Dirigió su vista hacia la hoguera en el centro de la cabaña, los leños ya estaban consumidos casi por completo sólo se asomaban unos trozos rojizos de entre el carbón consumido y la ceniza. Pensó en levantarse, buscar un nuevo leño para avivar el fuego y así conseguir calentarse un poco más, pero la simple idea de abandonar el futón con el calor que ya había conseguido conservar ahí, la hizo pensárselo mejor.
La brisa invernal del exterior se coló por un instante en toda la habitación anunciándole que alguien había entrado a su casa.
—¿InuYasha? —preguntó sentándose en el futón al mismo tiempo que se frotaba los ojos, arrepintiéndose de hacerlo cuando sintió el frío tocar su espalda.
Lo pudo ver gracias a la poca luz que aún arrojaban los leños del hogar, cargaba un enorme saco probablemente lleno de arroz el cuál dejó caer en un rincón del interior de la cabaña.
—¿Qué haces despierta tan tarde? —le reclamó su esposo una vez se acercó a ella—. Solo faltan unas horas para que amanezca.
Kagome tomó el cobertor con ambas manos y se cubrió con él hasta el cuello, aunque su espalda siguió descubierta—. Con tanto frío que hace, no he podido conciliar el sueño.
El medio demonio frunció suavemente el ceño, dirigió su mirada hacia la casi extinta hoguera. Soltando un cansado suspiro caminó hasta el rincón donde conservaban los leños secos, tomó uno de buen tamaño para lanzarlo al resto de leños consumidos para después comenzar a atizar las llamas hasta conseguir que volvieran a arder.
—Pensé que regresarías hasta el mediodía —mencionó en un intento por aligerar el ambiente.

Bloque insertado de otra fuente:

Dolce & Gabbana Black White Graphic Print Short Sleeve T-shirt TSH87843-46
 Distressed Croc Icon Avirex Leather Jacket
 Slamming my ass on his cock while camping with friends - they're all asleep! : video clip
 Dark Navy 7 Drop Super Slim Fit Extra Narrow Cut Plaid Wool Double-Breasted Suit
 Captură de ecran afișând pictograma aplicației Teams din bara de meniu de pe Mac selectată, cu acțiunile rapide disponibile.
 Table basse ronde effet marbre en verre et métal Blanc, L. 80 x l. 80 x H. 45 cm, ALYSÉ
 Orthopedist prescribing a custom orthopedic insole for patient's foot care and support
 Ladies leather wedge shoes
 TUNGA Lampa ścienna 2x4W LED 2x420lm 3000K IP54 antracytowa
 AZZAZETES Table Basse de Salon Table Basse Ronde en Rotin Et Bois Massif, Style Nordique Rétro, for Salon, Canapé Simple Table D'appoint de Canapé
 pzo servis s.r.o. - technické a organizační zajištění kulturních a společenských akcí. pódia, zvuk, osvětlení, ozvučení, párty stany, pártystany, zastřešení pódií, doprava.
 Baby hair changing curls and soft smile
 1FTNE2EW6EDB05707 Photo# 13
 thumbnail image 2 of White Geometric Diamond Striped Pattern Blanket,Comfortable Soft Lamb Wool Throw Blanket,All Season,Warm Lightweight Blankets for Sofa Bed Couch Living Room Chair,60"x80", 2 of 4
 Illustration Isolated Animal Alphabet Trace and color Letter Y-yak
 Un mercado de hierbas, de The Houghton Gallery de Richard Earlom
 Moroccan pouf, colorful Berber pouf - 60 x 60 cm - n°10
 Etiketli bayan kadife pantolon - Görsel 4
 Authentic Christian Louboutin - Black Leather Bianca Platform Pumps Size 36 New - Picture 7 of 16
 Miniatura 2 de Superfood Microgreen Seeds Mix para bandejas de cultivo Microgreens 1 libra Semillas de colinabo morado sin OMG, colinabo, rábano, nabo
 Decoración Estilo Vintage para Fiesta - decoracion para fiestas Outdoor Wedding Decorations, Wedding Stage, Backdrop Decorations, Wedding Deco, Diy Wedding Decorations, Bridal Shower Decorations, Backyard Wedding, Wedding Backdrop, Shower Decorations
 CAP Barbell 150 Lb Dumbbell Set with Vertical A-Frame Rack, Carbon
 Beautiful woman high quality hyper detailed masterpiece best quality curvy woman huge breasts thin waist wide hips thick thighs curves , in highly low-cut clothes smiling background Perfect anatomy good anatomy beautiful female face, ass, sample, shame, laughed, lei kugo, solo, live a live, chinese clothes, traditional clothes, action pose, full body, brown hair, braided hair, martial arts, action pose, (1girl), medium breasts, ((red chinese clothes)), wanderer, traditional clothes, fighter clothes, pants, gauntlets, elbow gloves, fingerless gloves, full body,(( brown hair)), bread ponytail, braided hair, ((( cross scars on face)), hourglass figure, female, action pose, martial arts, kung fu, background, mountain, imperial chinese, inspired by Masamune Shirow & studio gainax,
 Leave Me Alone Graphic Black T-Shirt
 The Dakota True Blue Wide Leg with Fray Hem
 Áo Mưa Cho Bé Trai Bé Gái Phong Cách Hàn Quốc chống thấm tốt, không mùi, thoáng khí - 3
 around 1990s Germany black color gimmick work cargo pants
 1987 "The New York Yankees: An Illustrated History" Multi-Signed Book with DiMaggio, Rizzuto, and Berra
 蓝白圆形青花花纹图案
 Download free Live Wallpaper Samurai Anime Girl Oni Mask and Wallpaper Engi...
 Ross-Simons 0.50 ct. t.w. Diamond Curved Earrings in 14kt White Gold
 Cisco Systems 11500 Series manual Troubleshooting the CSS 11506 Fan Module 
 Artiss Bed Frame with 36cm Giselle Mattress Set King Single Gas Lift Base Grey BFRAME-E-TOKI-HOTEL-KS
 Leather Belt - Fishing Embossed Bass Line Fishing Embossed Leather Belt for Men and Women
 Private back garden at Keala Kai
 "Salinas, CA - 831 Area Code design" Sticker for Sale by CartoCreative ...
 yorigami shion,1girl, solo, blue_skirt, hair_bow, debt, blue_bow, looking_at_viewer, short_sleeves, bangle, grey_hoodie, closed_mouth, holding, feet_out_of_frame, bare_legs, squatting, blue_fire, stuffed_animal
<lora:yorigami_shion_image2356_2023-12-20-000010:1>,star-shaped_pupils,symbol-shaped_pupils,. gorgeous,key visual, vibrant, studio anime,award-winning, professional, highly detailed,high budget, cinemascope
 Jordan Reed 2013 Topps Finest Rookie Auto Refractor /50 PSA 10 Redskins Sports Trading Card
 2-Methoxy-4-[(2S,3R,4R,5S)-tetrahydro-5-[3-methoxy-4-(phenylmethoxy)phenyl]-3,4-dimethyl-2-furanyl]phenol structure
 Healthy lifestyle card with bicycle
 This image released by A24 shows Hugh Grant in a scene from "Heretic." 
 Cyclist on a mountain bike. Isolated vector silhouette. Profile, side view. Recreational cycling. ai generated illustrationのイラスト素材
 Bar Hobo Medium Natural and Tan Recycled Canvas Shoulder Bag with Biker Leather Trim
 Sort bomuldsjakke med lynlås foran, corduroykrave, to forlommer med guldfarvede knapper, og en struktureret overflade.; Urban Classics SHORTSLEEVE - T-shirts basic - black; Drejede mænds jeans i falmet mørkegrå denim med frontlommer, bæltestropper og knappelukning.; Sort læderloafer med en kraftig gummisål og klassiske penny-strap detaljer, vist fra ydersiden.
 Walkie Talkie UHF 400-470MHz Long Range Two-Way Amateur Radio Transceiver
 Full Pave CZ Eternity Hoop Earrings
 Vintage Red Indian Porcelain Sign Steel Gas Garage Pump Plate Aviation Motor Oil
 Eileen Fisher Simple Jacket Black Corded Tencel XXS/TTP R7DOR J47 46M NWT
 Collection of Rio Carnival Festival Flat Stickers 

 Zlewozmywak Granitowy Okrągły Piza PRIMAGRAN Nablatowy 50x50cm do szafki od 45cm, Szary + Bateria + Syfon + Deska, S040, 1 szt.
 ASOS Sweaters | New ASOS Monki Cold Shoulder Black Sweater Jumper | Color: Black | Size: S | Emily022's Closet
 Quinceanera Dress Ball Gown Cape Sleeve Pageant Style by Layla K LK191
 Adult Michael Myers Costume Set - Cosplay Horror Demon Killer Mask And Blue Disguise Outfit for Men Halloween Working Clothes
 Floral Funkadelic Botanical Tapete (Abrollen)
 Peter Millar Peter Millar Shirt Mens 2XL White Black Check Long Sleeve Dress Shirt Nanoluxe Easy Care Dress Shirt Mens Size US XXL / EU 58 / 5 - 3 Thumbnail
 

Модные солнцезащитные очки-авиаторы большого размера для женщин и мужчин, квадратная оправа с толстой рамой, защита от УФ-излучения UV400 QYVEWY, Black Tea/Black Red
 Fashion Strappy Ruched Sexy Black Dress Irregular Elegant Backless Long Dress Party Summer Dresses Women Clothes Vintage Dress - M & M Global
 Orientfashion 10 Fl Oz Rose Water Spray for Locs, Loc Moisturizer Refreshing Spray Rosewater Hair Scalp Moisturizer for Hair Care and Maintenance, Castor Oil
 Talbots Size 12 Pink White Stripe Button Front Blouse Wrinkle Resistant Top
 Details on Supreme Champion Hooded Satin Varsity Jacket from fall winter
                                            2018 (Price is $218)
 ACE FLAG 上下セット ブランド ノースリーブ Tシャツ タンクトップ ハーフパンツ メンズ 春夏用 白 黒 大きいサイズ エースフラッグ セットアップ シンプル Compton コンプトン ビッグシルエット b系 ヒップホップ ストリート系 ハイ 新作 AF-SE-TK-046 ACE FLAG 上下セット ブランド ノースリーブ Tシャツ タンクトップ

InuYasha continuó atizando el fuego un momento más antes de responder—. Decidimos emprender el viaje de regreso antes de que comenzara a nevar —explicó tranquilamente regresando a su lado, pero sin meterse entre las sábanas del futón—. Si los senderos quedaban obstruidos por la nieve, nos tendríamos que quedar un día más.
Kagome asintió con un suave movimiento de su cabeza—. Lo bueno es que ya estás aquí —le aseguró con una sonrisa, acercando sus mano derecha hasta la suya, entrelazando suavemente sus dedos.
Pudo notar como InuYasha curvó sus labios finamente hacia arriba, en el esbozo de una sonrisa cuando se decidió a corresponder el gesto de sus dedos. Ella aprovechó para jalar su mano al mismo tiempo que hacía a un lado las sábanas para invitarlo a entrar en ellas, invitación que él aceptó de inmediato, acostándose justo a su lado.
Se acurrucó en el pecho de su esposo apenas éste la envolvió en sus brazos, sus ropas aún estaban frías después de haber estado afuera pero no le resultó incómodo pues poco a poco fue aclimatándose a su propio calor que seguía impregnado en las sábanas y el cobertor, además de la hoguera nuevamente avivada cumplía plácidamente su misión de envolver con su calor todo el interior de la cabaña.
Sonrió dichosa al sentir las manos de InuYasha posarse en su cintura para reafirmar su abrazo, como si no quisiera que se separara de él—. Bienvenido a casa, InuYasha —murmuró con alegría, subiendo su dedo hasta el rostro de su esposo para tocar juguetonamente su nariz. Él de inmediato la arrugó y frunció el ceño, pero casi de inmediato se relajó.
—Es bueno estar de vuelta —confesó por fin para después cerrar los ojos, dejando que el calor del futón le ablandara los músculos.
Ella volvió a acurrucarse entre sus brazos, no podía estar más de acuerdo con él.
Estando a su lado. No existía otro lugar, ni ninguna otra época, en la que le gustaría estar.